Seeing Value

Did you make a value scale?  See last week’s post for how to do it if you haven’t already.  It’s a useful exercise in itself to learn to make a square of an even shade.  It requires some effort and control.  Plus to visually determine each step in a seven box value scale further develops one’s eye.

sphere1

Now we’re going to use the value scale to see values in the world around us. One useful way to do this is cut your scale from the paper and put holes in the center of each square. That way you can hold it up against a value you see to determine how light or dark it is. It can be surprising – things that you think are black are actually gray, and things you are sure are white, are not. As you go through your day, take time to look at values.
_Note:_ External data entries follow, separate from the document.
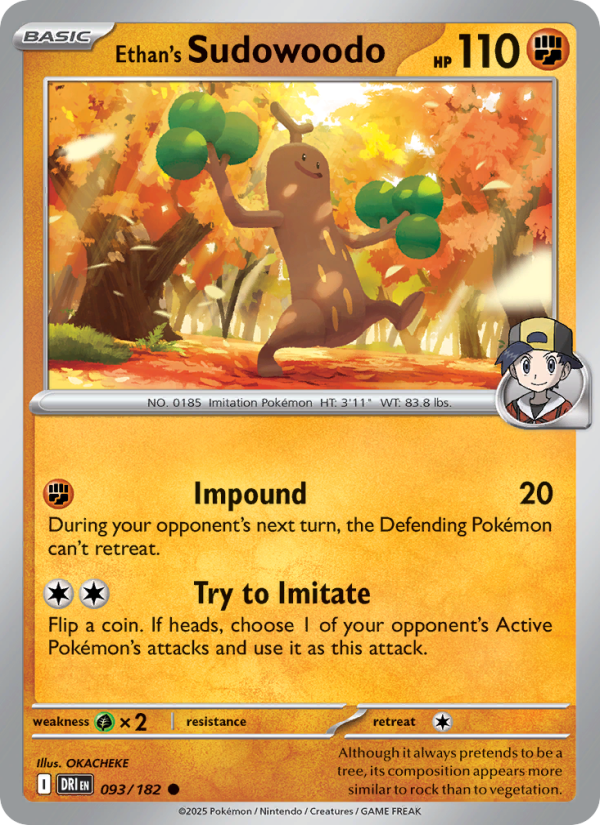 Ethan's Sudowoodo 093/244 — Destined Rivals (English Pokémon TCG card)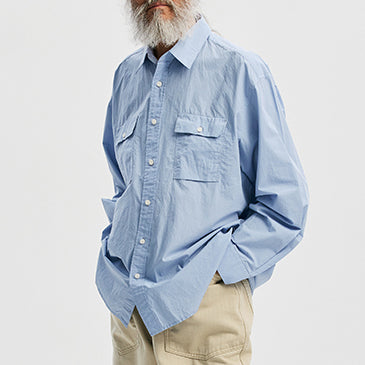 CIGARETTE POCKET TYPEWRITER SHIRT - SKY BLUE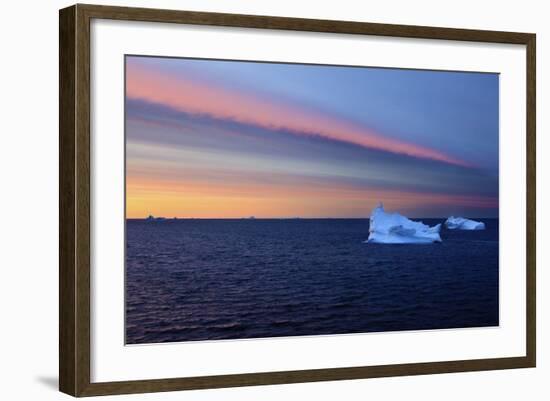 Icebergs at Dusk, Qeqertarsuaq, Disko Bay, Greenland, August 2009-Jensen-Framed Photographic Print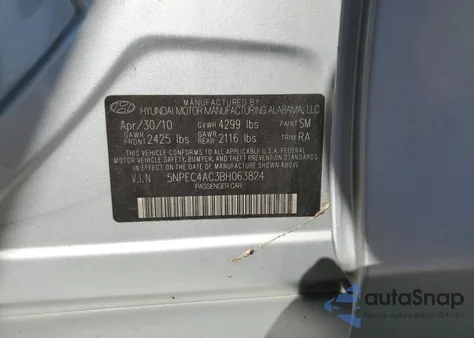 2011 Hyundai Sonata Se из США, поврежденный, VIN 5NPEC4AC3BH063824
Right now I’m looking at a Windsor chair at my work table. It’s painted red and as I squint at it I can see there are definite darks and lights that are defined by it’s relationship to the light source – the window. There is a pear shaped candle on the table. At first glance I note it’s olive green. Looking more closely I can see that the side that is away from the light source is darker. One of the ways I see this is to note that there is more contrast with the tablecloth on that side than on the side that faces the light.

pearpear & scale

 

Probably the best way to study light hitting an object is to use a white sphere. Shadows are easily seen on white objects. The closest spot on the sphere to the light source is the highlight. From that point the surface curves away from the light and becomes darker and darker until it gets to the bottom of the sphere where there is no light.  I often will circle the highlight to keep it as white as possible.   Watch the video to see how I  build up my grays.  For this kind of a subject, I used my fingers to smooth out the graphite since the ball I’m drawing is smooth.  As you learn to identify values, you will be able to draw a convincing round object.  If you don’t have a sphere, try drawing an egg. It’s important to use one light source, preferably the sun on a sunny day. Multiple lights diffuse the light and  make it harder to see values.  Give it a try and see how you do.